Mais le plus inquiétant reste le projet d’imposer aux enseignants une liste de livres à lire : sept œuvres en seconde (quatre en classe et trois à la maison) et huit en première dont quatre en classe. « Il y a clairement la volonté d’imposer une culture commune », regrette-t-elle. Mais l’orientation générale des programmes, veut croire Viviane Youx, laisse penser à une vision plutôt traditionnelle de l’histoire littéraire, même si l’AFEF a plaidé la cause de la littérature contemporaine et de la littérature francophone lors de sa réunion avec le CSP.

En mathématiques et en SVT, quelques petites craintes émergent aussi. L’Association des professeurs de mathématiques de l’enseignement public pointe en effet, dans un compte rendu de sa rencontre avec le CSP, la difficulté du programme. En clair, celui de seconde n’est pas conçu pour des élèves ayant « peu d’appétence » pour la matière. Le programme de spécialité, à partir de la première, est jugé « plus ambitieux » que l’actuel programme de première ES, ce qui peut faire craindre une « fuite » de certains élèves en SES.

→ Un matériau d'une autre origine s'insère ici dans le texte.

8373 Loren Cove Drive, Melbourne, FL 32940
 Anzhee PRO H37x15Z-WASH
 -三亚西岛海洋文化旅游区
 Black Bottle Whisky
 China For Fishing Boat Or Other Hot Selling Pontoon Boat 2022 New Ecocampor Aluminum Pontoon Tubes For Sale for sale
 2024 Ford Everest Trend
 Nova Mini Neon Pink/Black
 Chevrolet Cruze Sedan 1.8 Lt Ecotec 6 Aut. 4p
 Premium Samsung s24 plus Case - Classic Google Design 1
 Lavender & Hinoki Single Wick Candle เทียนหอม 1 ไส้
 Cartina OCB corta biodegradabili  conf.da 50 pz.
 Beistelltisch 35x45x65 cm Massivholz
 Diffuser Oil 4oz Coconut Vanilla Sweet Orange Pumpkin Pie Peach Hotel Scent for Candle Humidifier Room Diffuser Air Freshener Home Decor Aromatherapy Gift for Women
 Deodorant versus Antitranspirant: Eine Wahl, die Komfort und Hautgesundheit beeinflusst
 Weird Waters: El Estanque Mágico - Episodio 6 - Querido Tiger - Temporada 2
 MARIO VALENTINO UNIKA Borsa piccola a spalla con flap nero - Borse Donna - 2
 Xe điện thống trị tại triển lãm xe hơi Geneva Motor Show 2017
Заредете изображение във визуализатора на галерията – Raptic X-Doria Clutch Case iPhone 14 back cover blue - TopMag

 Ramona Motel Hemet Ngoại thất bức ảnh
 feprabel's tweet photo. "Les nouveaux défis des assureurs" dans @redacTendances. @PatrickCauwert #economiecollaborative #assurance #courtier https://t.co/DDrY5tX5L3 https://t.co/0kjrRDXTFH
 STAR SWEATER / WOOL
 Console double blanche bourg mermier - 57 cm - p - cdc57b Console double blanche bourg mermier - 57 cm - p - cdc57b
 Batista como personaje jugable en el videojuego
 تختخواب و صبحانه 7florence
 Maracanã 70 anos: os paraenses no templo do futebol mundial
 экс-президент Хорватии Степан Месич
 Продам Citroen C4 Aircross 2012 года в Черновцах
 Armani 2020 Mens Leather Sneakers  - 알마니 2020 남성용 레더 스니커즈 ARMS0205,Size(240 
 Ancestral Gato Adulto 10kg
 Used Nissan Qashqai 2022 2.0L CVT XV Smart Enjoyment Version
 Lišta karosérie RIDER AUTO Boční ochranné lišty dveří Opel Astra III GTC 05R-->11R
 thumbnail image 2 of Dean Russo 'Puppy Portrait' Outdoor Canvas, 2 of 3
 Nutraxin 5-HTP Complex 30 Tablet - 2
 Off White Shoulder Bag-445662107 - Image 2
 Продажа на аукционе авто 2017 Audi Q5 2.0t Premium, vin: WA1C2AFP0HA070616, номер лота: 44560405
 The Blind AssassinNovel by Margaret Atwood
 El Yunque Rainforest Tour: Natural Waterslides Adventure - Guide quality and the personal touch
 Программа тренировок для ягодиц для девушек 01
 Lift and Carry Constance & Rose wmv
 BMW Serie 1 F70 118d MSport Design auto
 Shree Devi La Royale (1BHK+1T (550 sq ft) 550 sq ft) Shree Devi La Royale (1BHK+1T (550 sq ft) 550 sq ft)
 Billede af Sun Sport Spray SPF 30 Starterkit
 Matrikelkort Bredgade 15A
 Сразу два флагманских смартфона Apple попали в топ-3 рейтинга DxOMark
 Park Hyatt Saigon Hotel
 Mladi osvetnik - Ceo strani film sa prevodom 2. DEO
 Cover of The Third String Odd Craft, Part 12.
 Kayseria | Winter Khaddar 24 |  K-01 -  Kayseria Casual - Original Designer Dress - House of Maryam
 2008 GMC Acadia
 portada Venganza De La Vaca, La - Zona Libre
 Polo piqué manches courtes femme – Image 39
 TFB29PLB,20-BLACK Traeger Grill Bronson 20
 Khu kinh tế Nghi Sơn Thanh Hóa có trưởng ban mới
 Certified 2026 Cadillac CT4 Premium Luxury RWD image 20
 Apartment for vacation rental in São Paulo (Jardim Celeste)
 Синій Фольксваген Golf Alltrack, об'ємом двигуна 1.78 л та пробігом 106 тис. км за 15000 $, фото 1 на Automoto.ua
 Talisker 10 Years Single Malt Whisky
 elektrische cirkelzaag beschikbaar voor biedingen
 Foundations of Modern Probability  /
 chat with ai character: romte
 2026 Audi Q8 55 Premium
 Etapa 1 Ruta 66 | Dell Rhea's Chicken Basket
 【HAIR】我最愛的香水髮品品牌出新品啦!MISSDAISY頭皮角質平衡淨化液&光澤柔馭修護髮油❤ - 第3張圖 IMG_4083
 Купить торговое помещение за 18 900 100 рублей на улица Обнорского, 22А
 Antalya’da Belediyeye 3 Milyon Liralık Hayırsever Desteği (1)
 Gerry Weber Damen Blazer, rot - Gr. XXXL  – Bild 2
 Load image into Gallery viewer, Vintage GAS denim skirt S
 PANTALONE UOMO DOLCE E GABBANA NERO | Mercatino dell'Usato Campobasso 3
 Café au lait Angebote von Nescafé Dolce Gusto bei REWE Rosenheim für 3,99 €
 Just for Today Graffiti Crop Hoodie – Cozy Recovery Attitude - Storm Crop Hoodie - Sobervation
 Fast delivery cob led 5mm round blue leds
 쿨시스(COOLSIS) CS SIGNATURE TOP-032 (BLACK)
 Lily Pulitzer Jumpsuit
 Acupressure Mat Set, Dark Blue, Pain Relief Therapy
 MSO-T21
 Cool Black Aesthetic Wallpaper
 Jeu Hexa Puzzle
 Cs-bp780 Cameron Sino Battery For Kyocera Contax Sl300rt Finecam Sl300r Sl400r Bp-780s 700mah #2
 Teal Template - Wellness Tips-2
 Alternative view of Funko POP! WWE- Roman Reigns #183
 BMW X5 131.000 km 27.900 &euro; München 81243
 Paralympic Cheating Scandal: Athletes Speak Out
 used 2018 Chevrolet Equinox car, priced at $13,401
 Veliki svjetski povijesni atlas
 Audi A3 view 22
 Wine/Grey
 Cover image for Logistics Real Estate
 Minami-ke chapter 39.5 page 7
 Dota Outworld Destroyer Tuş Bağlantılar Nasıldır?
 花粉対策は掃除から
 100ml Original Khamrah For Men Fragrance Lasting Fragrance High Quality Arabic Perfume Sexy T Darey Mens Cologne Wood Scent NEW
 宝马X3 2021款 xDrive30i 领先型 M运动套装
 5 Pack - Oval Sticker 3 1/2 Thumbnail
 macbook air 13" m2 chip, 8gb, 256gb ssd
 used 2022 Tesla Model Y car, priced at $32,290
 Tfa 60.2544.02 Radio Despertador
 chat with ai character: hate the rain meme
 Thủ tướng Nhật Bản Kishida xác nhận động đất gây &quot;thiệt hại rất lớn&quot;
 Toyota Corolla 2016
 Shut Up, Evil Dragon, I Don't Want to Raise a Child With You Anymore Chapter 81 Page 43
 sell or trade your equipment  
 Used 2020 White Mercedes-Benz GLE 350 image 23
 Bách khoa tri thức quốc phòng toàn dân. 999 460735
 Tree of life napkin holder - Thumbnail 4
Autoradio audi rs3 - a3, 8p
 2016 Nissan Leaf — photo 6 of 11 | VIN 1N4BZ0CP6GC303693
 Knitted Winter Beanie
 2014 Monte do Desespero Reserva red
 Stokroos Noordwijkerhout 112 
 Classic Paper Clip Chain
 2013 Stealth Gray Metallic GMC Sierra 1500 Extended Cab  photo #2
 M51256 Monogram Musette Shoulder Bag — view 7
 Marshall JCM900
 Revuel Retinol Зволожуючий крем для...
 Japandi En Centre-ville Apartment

En SVT, quelques lecteurs avertis se sont émus sur les réseaux sociaux de voir deux chapitres des programmes basculer de la première générale à la seconde : l’étude de la reproduction et de la sexualité, et le chapitre « nourrir la planète ». Il s’agit en fait d’une demande des enseignants, qui souhaitaient que les élèves aient tous – avant l’orientation de 25 % d’entre eux en série technologique, où la SVT disparaît – une piqûre de rappel sur ces deux thèmes. Serge Lacassie, président de l’Association des professeurs de biologie et de géologie, se veut rassurant : les concepts scientifiques abordés ont été « adaptés » à ce changement de niveau.